ASSIGNMENT =
Reproduce exactly the lines of this material that begin at the line with "JoyRoom - Punjač" and end at the line with "Moscou en hiver", both included. Omit the pictures and everything else.

DATA SHOWN =
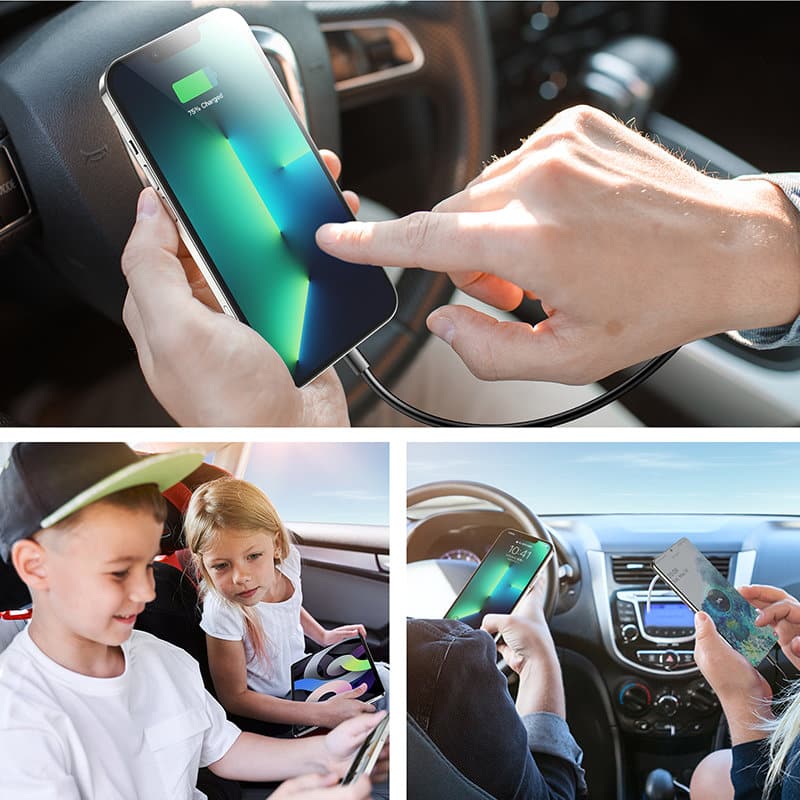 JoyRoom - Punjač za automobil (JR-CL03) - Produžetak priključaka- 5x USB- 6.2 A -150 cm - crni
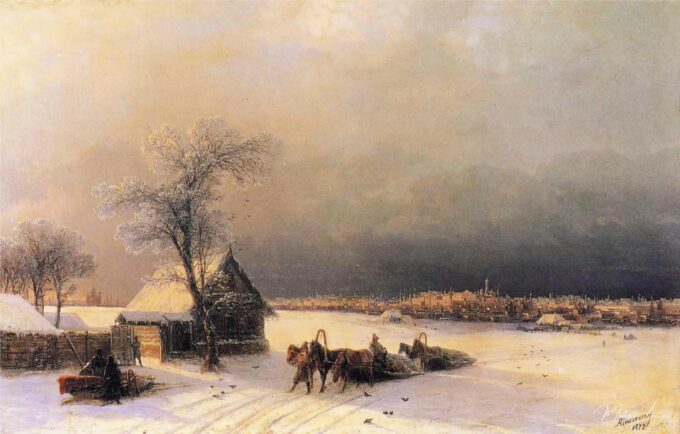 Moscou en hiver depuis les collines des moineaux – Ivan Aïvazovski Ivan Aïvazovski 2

==

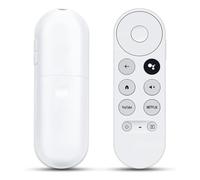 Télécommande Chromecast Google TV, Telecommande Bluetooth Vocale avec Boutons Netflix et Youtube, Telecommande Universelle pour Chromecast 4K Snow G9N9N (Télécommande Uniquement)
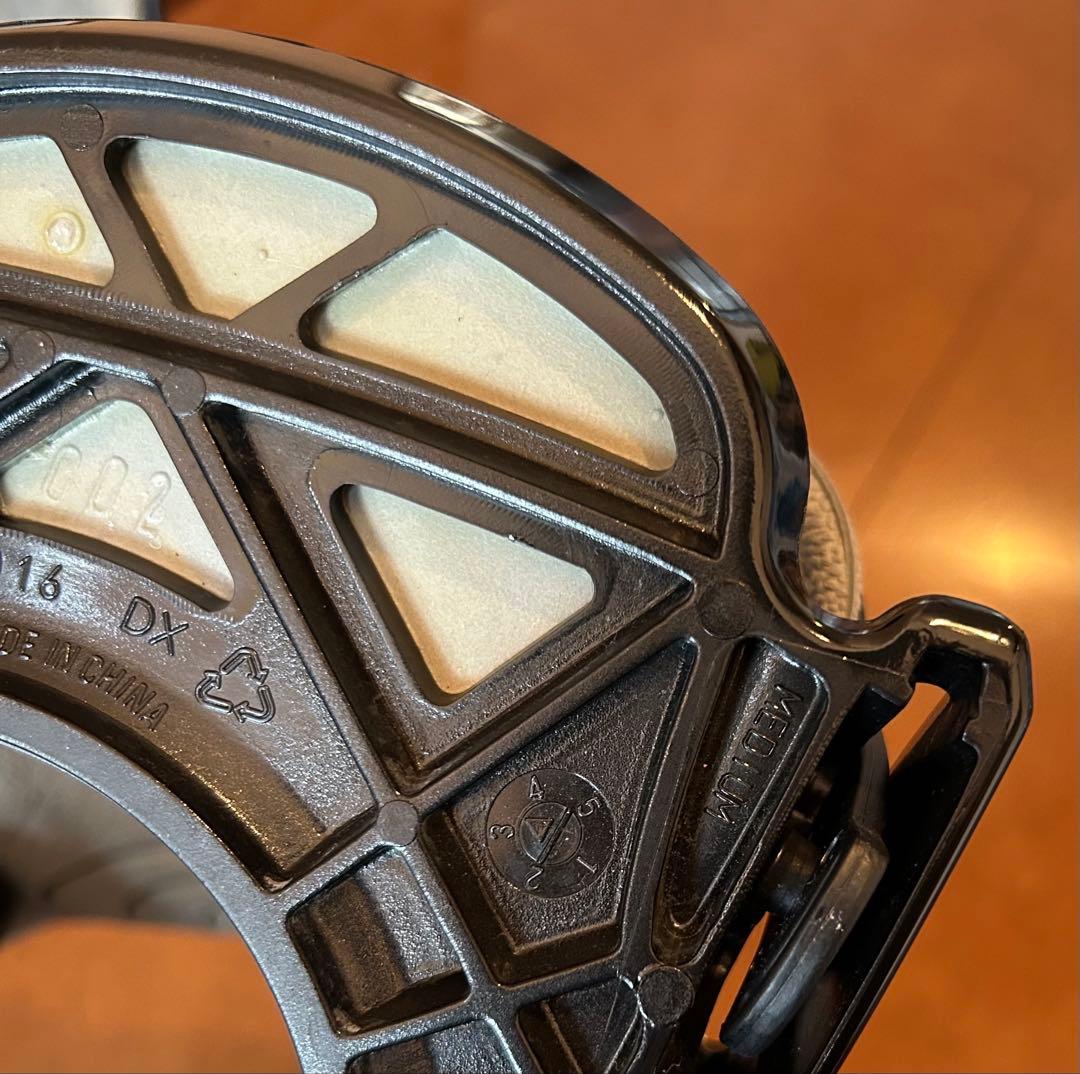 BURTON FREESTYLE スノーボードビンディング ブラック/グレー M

WRITTEN RESPONSE =
 JoyRoom - Punjač za automobil (JR-CL03) - Produžetak priključaka- 5x USB- 6.2 A -150 cm - crni
 Moscou en hiver depuis les collines des moineaux – Ivan Aïvazovski Ivan Aïvazovski 2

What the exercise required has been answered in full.